In Other News: A Bi-style Text-to-speech Model for Synthesizing Newscaster Voice with Limited Data
This addresses the challenge of creating multiple speech styles efficiently for applications like broadcasting, though it is incremental as it builds on existing neural TTS methods.
The paper tackles the problem of synthesizing newscaster-style speech with limited data by proposing a bi-style text-to-speech model that uses a one-hot vector to factorize neutral and newscaster styles, and it reduces the gap in perceived style-appropriateness between natural recordings and neutral synthesis by approximately two-thirds.
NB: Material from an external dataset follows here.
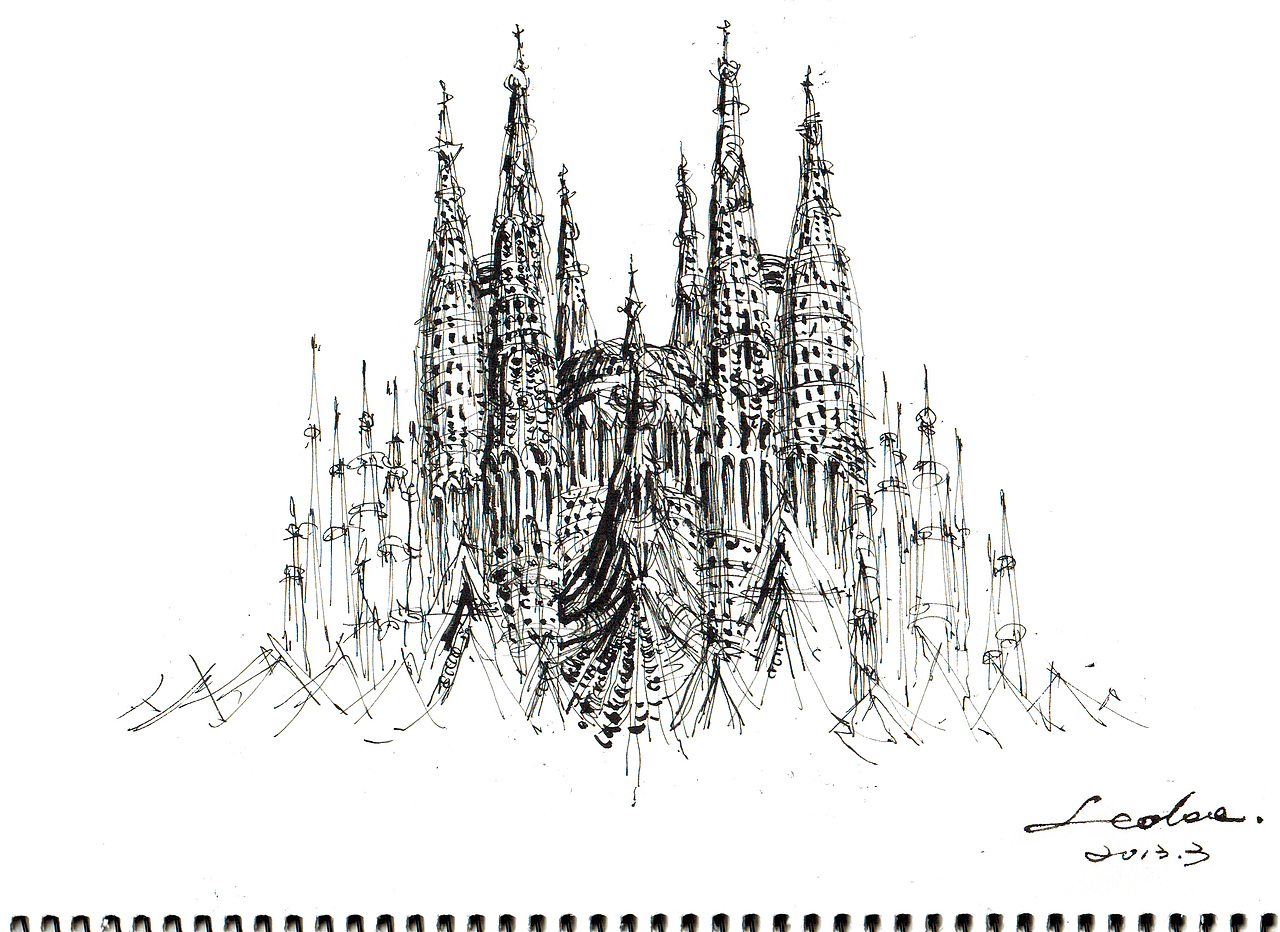 欧洲梵蒂冈建筑之行（未完待续）（图ZODg0MjgzMg==） - 商业插画 - 站酷设计师LEEZENGRUI原创素材 - 站酷ZCOOL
Neural text-to-speech synthesis (NTTS) models have shown significant progress in generating high-quality speech, however they require a large quantity of training data. This makes creating models for multiple styles expensive and time-consuming. In this paper different styles of speech are analysed based on prosodic variations, from this a model is proposed to synthesise speech in the style of a newscaster, with just a few hours of supplementary data. We pose the problem of synthesising in a target style using limited data as that of creating a bi-style model that can synthesise both neutral-style and newscaster-style speech via a one-hot vector which factorises the two styles. We also propose conditioning the model on contextual word embeddings, and extensively evaluate it against neutral NTTS, and neutral concatenative-based synthesis. This model closes the gap in perceived style-appropriateness between natural recordings for newscaster-style of speech, and neutral speech synthesis by approximately two-thirds.